Attack a sacred Python Cow

Mon Jul 28 18:50:52 EDT 2008

Derek Martin a écrit :
> On Sun, Jul 27, 2008 at 09:39:26PM +0200, Bruno Desthuilliers wrote:
>>> As for the latter part of #3, self (or some other variable) is
>>> required in the parameter list of object methods,
>> It's actually the parameter list of the *function* that is used as the 
>> implementation of a method. Not quite the same thing. 
> 
> The idea that Python behaves this way is new to me.  For example, the
> tutorials make no mention of it:
> 
>   http://docs.python.org/tut/node11.html#SECTION0011300000000000000000
> 
> The Python reference manual has very little to say about classes,
> indeed.  If it's discussed there, it's buried somewhere I could not
> easily find it.

Yeps, most of the doc didn't really follow Python's evolutions alas. But 
it's still documented - I've learned all this from the doc.

You'll find more details starting here:

http://www.python.org/doc/newstyle/

and a couple more stuff in the language specs part of the doc:

http://docs.python.org/ref/descriptors.html
http://docs.python.org/ref/descriptor-invocation.html

>> consistency mandates that the target object of the method is part of
>> the parameter list of the *function*, since that's how you make
>> objects availables to a function.
> 
> Fair enough, but I submit that this distinction is abstruse,

The distinction between class interface (the method call) and class 
implementation (the function called by the method) ?

> and
> poorly documented,

This is certainly true. Patches to the doc are welcome.

> and also generally not something the average
> application developer should want to or have to care about... 

I don't know what's an "average application developper", but as an 
application developper myself, I feel I have to care about the 
implementation of my programs, just like I feel I have to care about 
knowing enough about the languages I use to use them properly.

> it's of
> interest primarily to computer scientists and language enthusiasts.
> The language should prefer to hide such details from the people using
> it.

There I beg to disagree. Transparently exposing most of it's object 
model is a design choice, and is for a great part responsible for Python 
expressive power and flexibility. And all this is really part of the 
language - I mean, it's a public API, not an implementation detail. 
FWIW, I'm certainly not what you'd call a "computer scientist" (I left 
school at 16 and have absolutely no formal education in CS).

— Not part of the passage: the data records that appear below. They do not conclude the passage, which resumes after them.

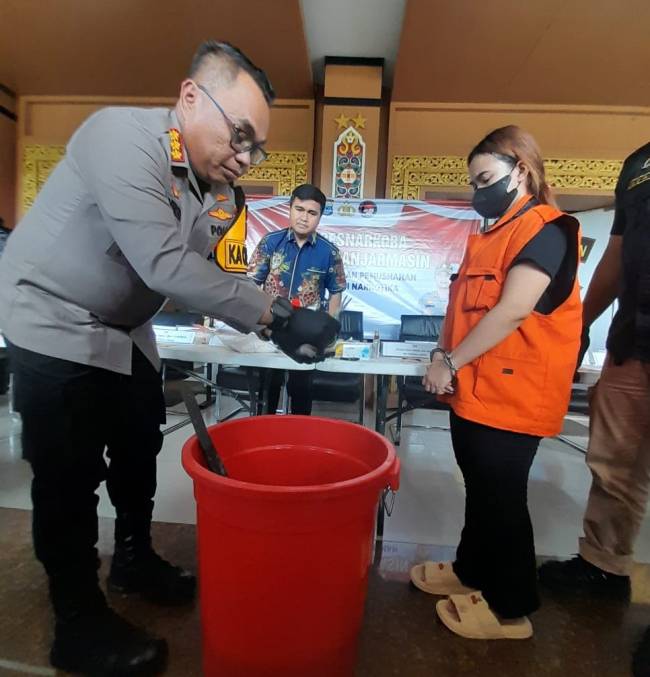 Kapolresta Banjarmasin Kombes Ppl Cuncun Kurniadi, musnahkan barang bukti narkoba, JUmat (15/11/2024). (SuarIndonesia/YI)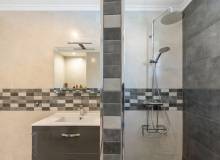 Resale - Villa / Parhus - Orihuela - Orihuela Costa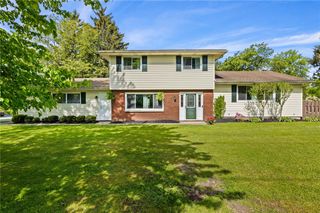 1 Timberline Drive, Penfield, NY 14526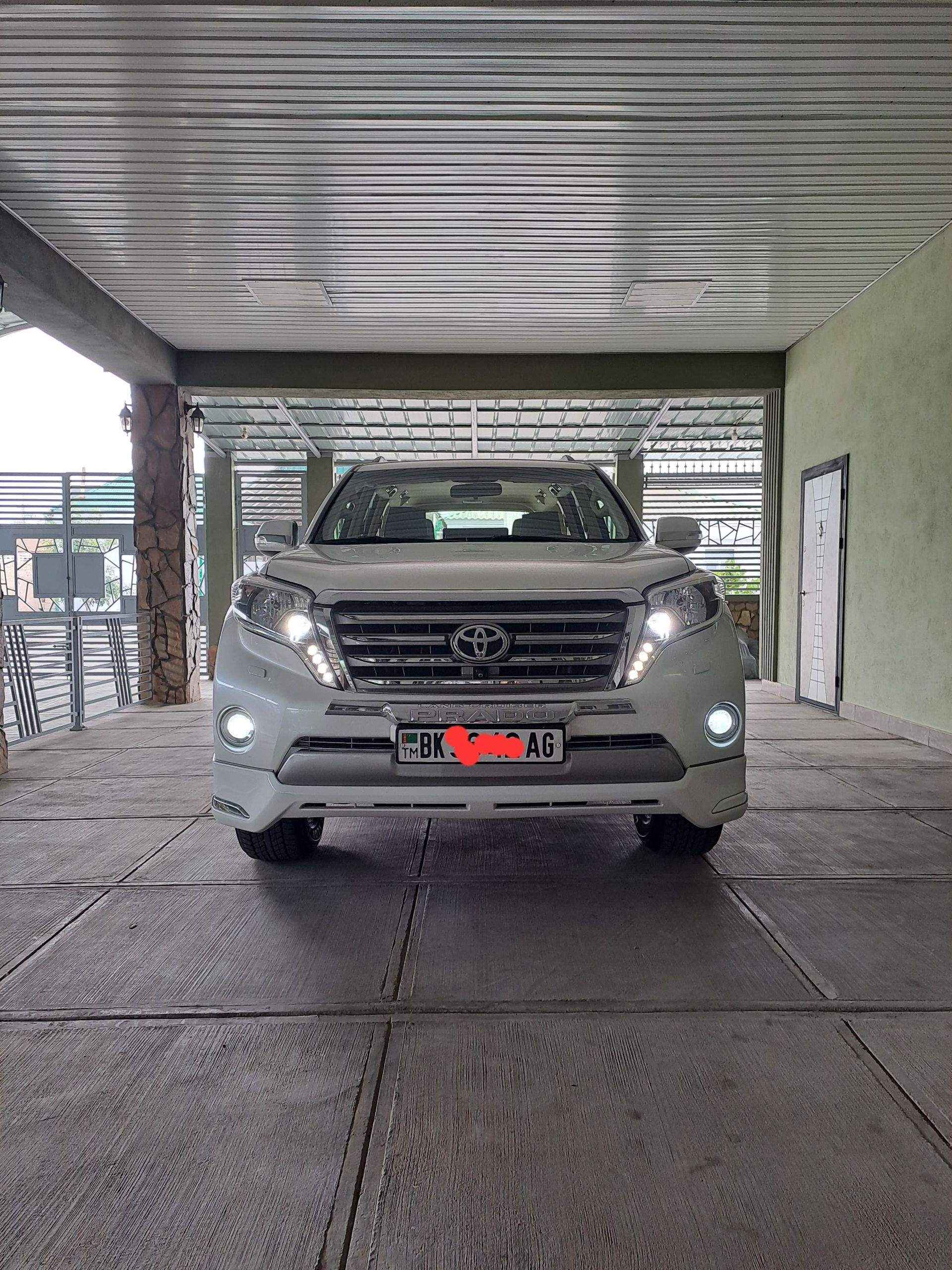 Toyota Land Cruiser Prado 2014 - 790 000 TMT - Aşgabat - img 1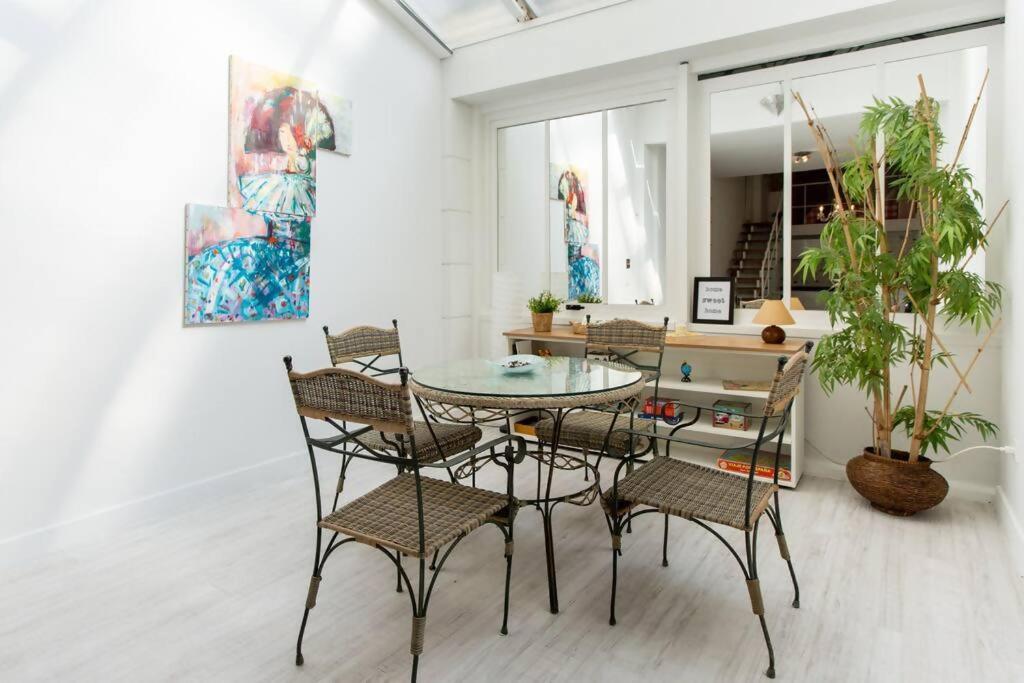 Duplex Center Parking Netflix Amazon Video Apartamento Sevilha Exterior foto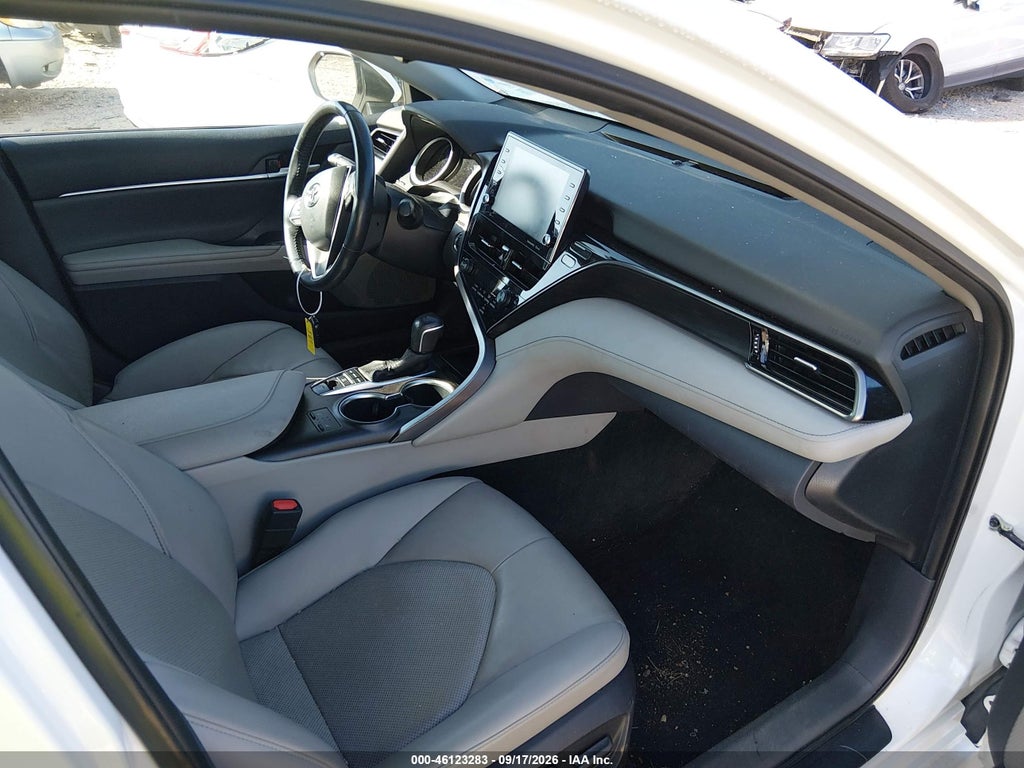 Toyota Camry 2022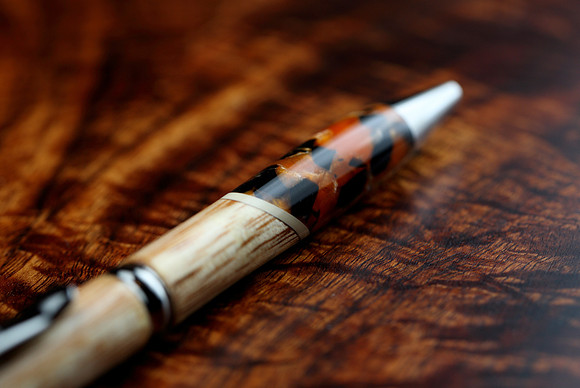 HLT_pens_003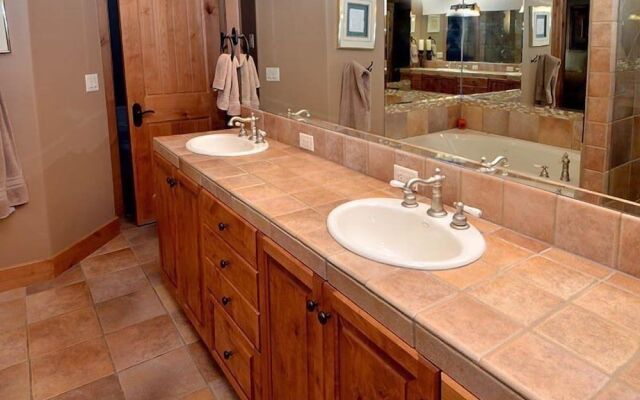 Meadow Brook Chalet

Anyway: "the language" (IOW: the language's designer) made a different 
choice, and I'm very grateful he did.

>>> however when the method is *called*, it is omitted.
>> Certainly not. 
> 
> Seems not so certain to me...  We disagree, even after your careful
> explanation.

You're of course (and hopefully) entitled the right to disagree !-)

>  See below.
> 
>> You need to lookup the corresponding attribute *on a given object*
>> to get the method. Whether you write
>>
>>   some_object.some_method()
>>
>> or
>>
>>   some_function(some_object)
>>
>> you still need to explicitely mention some_object.
> 
> But these two constructs are conceptually DIFFERENT,

Why so ?

> whether or not
> their implementation is the same or similar.  The first says that
> some_method is defined within the name space of some_object.

The first says that you're sending the message "some_method" to 
some_object. Or, to express it in Python terminology, that you're 
looking up the name "some_method" on some_object, and try to call the 
object returned by the attribute lookup mechanism, whatever that object 
is (function, method, class or any other callable).

Now saying that it implies that "some_method is defined within the name 
space of some_object" depends on the definitions of 'defined', 'within' 
and 'namespace' (more on this below).

>  The
> second says that some_object is a parameter of some_function...    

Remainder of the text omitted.